WORK INSTRUCTION ::
Reproduce exactly, leaving out pictures, each line from the one holding "Stylish Crocodile-Pattern Leather" through the final line of the listing, and add nothing.

PROVIDED DATA ::
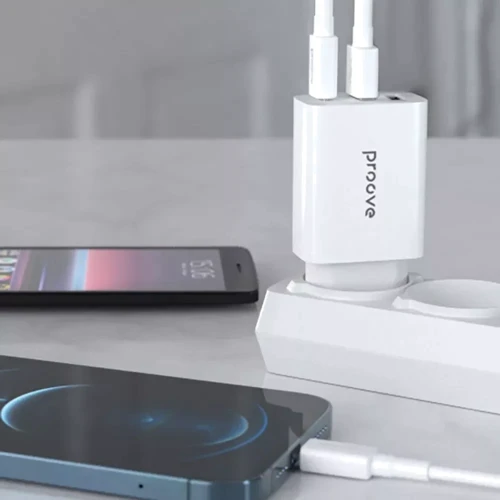 Зарядное устройство Proove Wall Charger 2xUSB+USB-C Rapid 30W White (WCRP30210002) фото 6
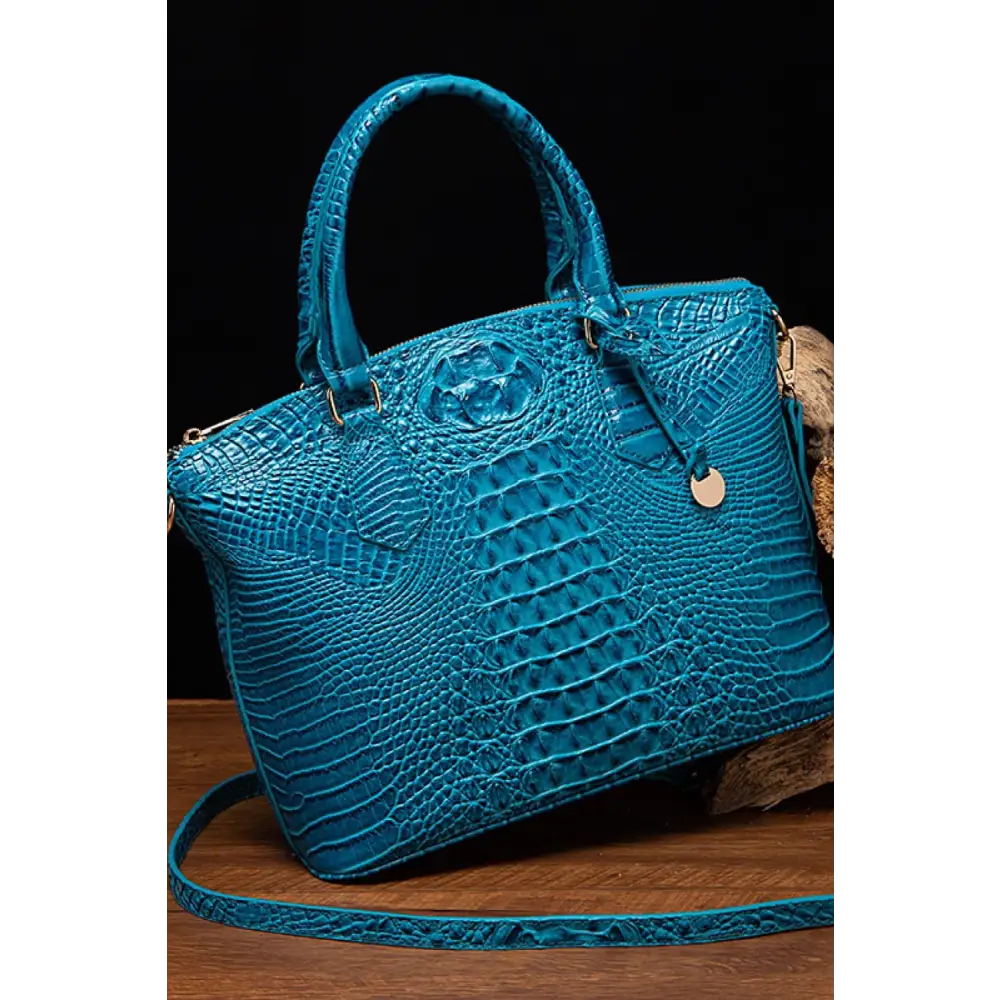 Stylish Crocodile-Pattern Leather Handbag with Fast Delivery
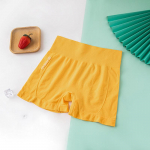 Auk&scaron;tu juosmeniu moteri&scaron;kos jogos kelnės - Sėdmenų pakėlimas, Pilvo palaikymas, &Scaron;ortukų stilius One Size geltona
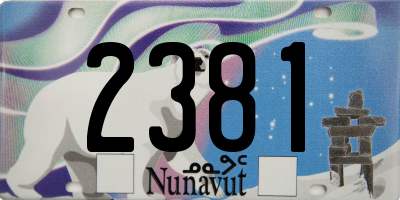 NU license plate 2381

RESULT BELOW ::
 Stylish Crocodile-Pattern Leather Handbag with Fast Delivery
 Auk&scaron;tu juosmeniu moteri&scaron;kos jogos kelnės - Sėdmenų pakėlimas, Pilvo palaikymas, &Scaron;ortukų stilius One Size geltona
 NU license plate 2381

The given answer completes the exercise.